ニンテンドー・イン・アメリカ

ドンキーコング」からはじまってWii3ds、そしてその先の展望まで含め、マリオシリーズを通じて任天堂の一代史(アメリカでのだが)を描く本。黎明期のエピソードなどそれ自体面白く読める一方で、実に情熱的というか、著者のマリオ愛が素晴らしく、各ゲームについての評価はスーファミ直撃世代にとっても首をぶんぶん振りつつ共感して読める(ヨッシーアイランドはおろか、マリオRPGについても言及があって大変嬉しかった。さらに「ドルフィン」とか過去になんとも言えない気持ちにさせられたようなマジックワードも登場するなど大変良い)ような大変楽しい物になっている(まあ愛ゆえの厳しい毒舌なども散見され、たとえば「過去の作品の焼き直し」ばかり、とGBAはボロカスだったりもするが)。
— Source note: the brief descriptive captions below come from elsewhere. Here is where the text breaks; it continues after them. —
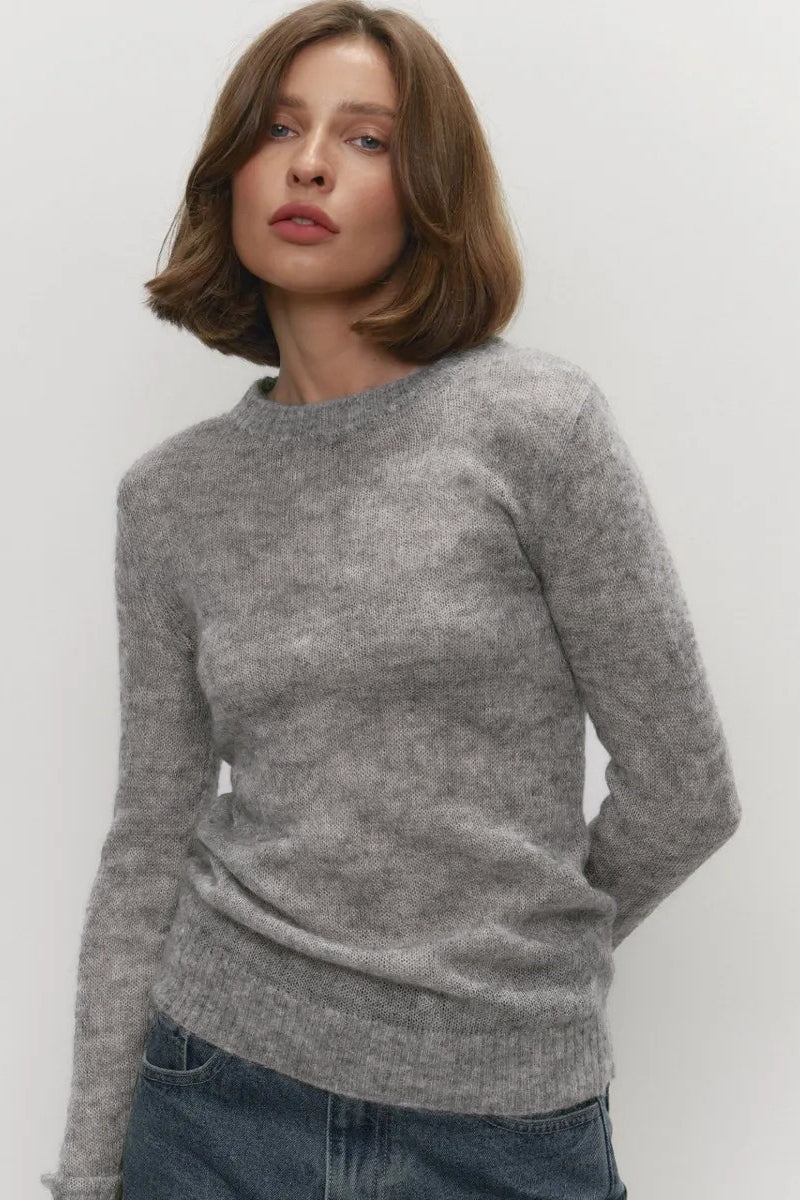 Mohair Round Neck Knit Top - Image 4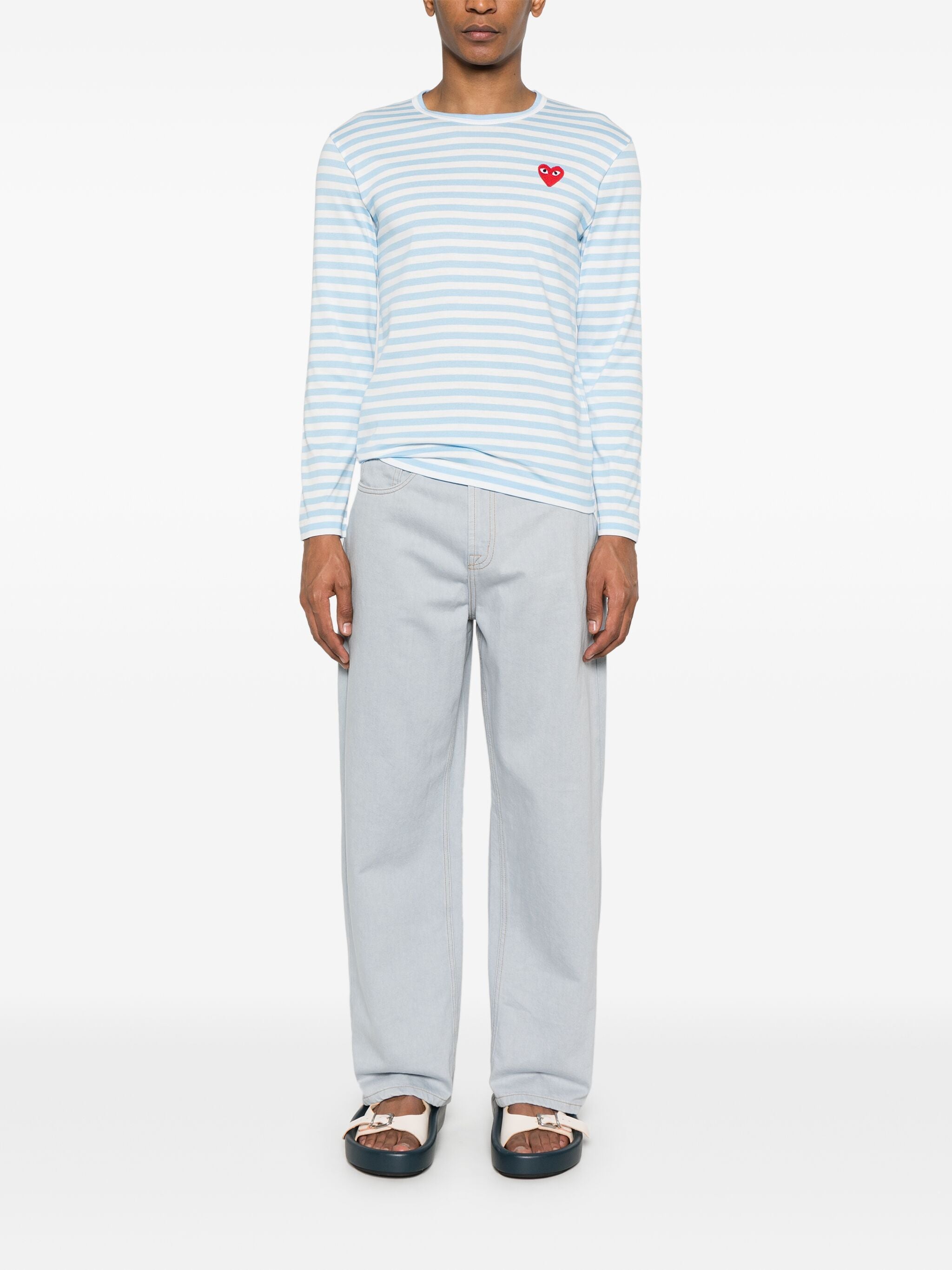 Unisex Striped Tee Red Heart in Sky Blue from Comme des Garçons Play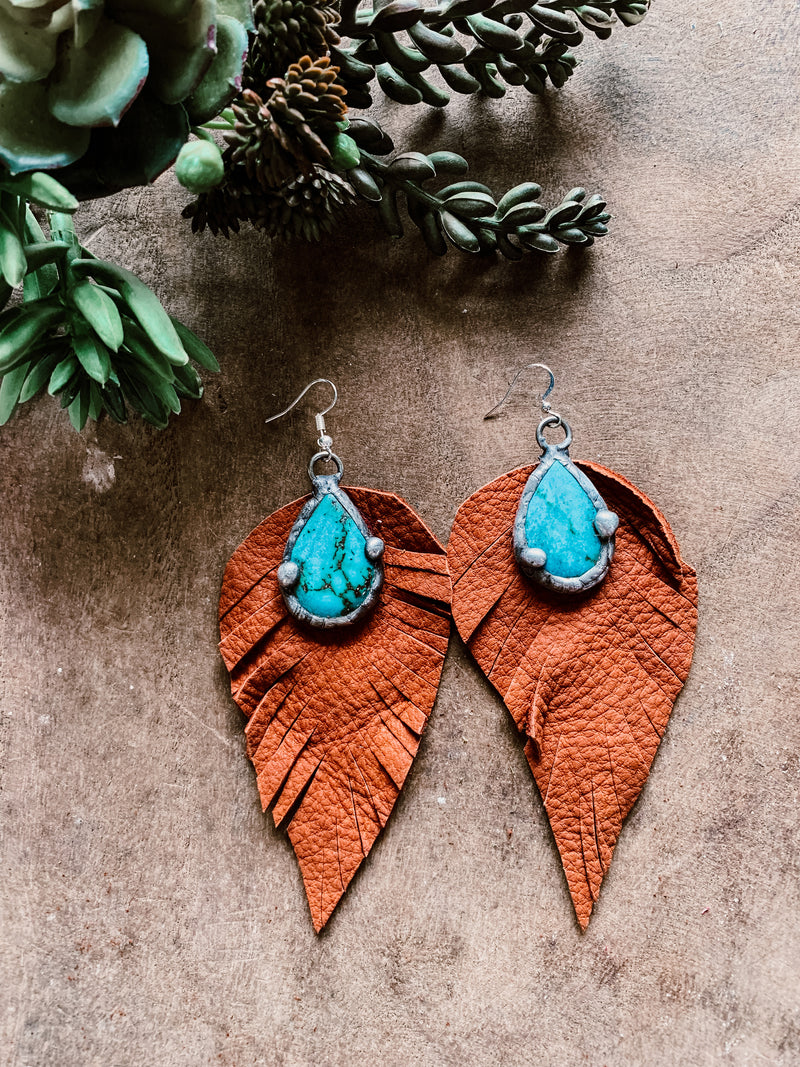With The Wind Leather Stone Earring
まあ、本の中心が兎に角マリオ、なのでゼルダとかHAL研の話はあんまり無く、ポケモンもさらっと、などと偏りがある(ただアメリカではそういう扱いなのかもしれない)、ということは踏まえたうえで読む必要はあるが、大変面白い。本文では直接は言っていないが、彼らのゲームの「創造性」こそが真の魅力ということを、改めて強く感じさせるものとなっている。
一方で、本書でのアメリカでのビジネスの記述を見るとやはり、非常に地に辛い風土(と有名な法務の強さ)による、ビジネスとしてのえげつなさも垣間見え、成功には両方が必要だったのだな、と感じさせられる。そういった、なぜビジネスとしてこれ程までに成功したのか、という観点でも考える材料をふんだんに含んでおり、面白く読める。